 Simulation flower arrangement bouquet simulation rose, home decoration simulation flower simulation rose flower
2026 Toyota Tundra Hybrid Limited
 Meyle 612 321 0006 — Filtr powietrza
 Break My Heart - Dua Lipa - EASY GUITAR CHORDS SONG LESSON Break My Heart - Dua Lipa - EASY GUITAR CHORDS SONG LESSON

——

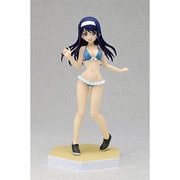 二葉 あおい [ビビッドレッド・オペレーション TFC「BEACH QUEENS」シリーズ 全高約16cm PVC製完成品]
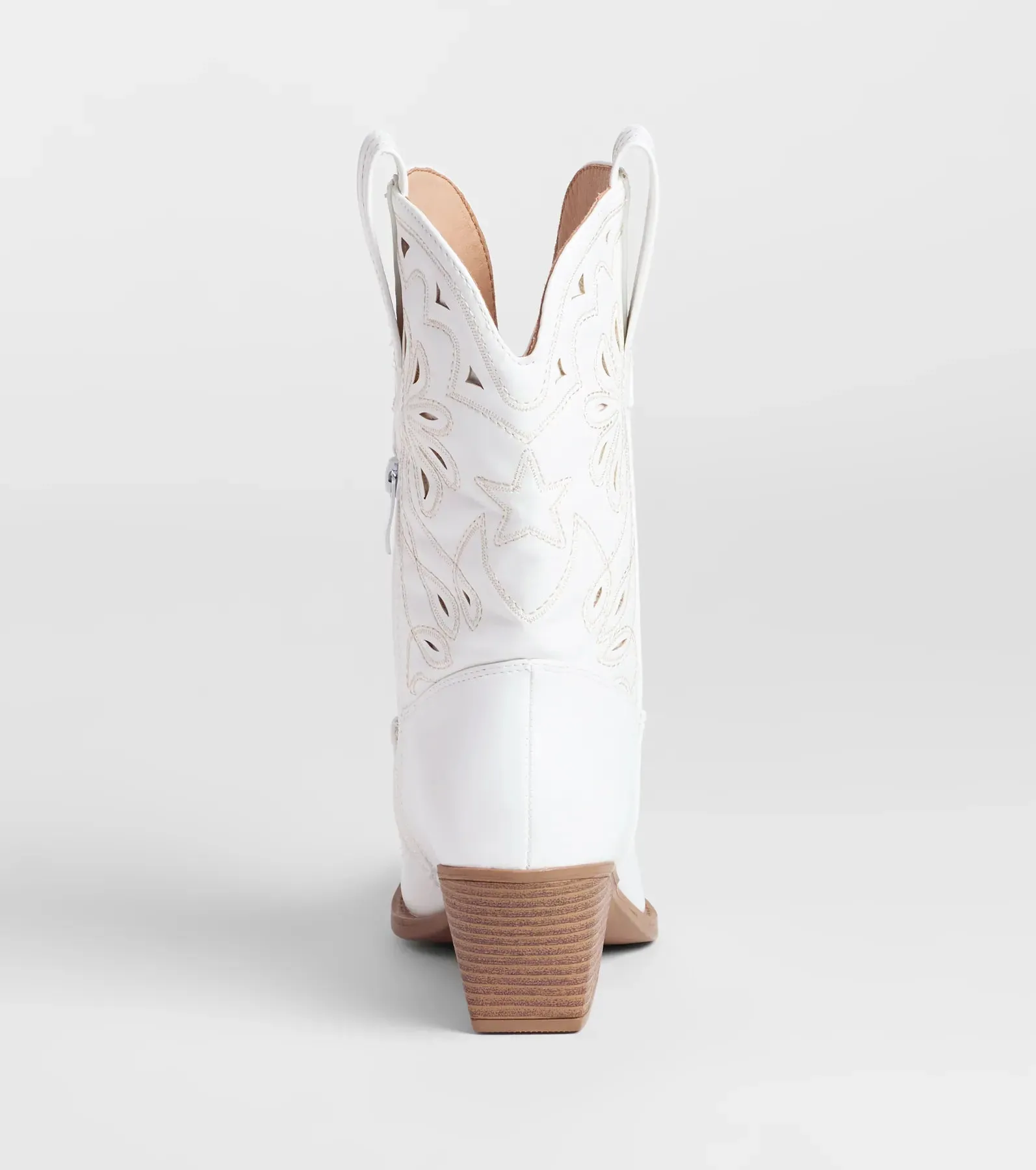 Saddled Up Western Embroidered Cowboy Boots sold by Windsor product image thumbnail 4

——

Write out exactly the lines above between the one with "二葉 あおい [ビビッドレッド・オペレーション" and the one with "Saddled Up Western", inclusive, with pictures left out.

TASK RESPONSE –
 二葉 あおい [ビビッドレッド・オペレーション TFC「BEACH QUEENS」シリーズ 全高約16cm PVC製完成品]
 Saddled Up Western Embroidered Cowboy Boots sold by Windsor product image thumbnail 4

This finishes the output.